_Provided data_
────────────────────

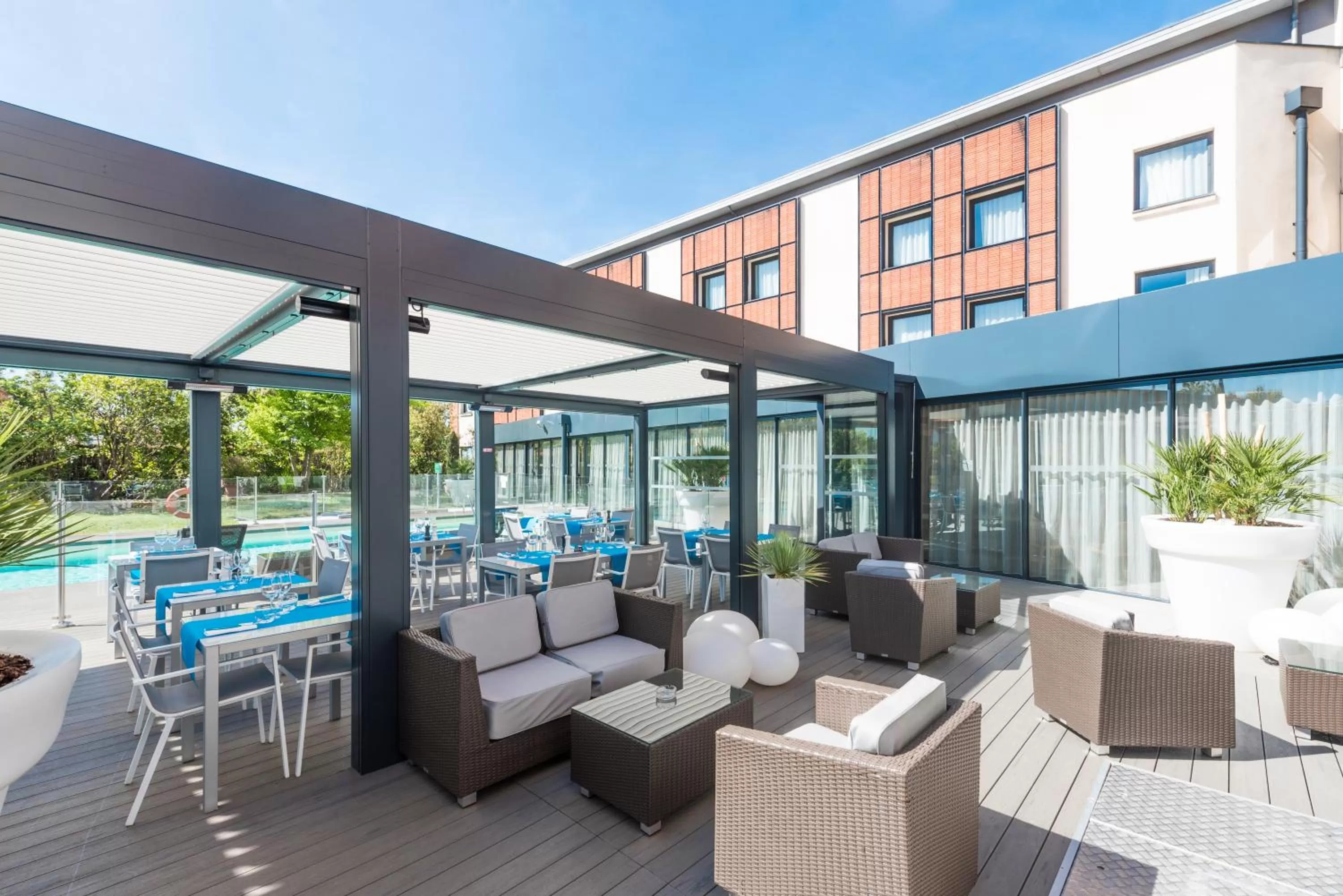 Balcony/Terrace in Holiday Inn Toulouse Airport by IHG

────────────────────

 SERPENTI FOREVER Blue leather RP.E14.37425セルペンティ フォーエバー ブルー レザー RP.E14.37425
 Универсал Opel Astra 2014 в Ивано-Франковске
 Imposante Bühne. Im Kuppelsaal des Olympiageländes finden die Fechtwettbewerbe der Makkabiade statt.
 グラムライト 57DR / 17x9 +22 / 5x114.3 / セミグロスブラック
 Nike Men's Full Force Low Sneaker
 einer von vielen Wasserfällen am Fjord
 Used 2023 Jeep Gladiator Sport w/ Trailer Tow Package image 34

────────────────────

_Exercise prompt_
Using the entries above, return exactly the lines from the line with "einer von vielen Wasserfällen am Fjord" to the line with "Used 2023 Jeep", counting both of those lines.

_Finished exercise_
 einer von vielen Wasserfällen am Fjord
 Used 2023 Jeep Gladiator Sport w/ Trailer Tow Package image 34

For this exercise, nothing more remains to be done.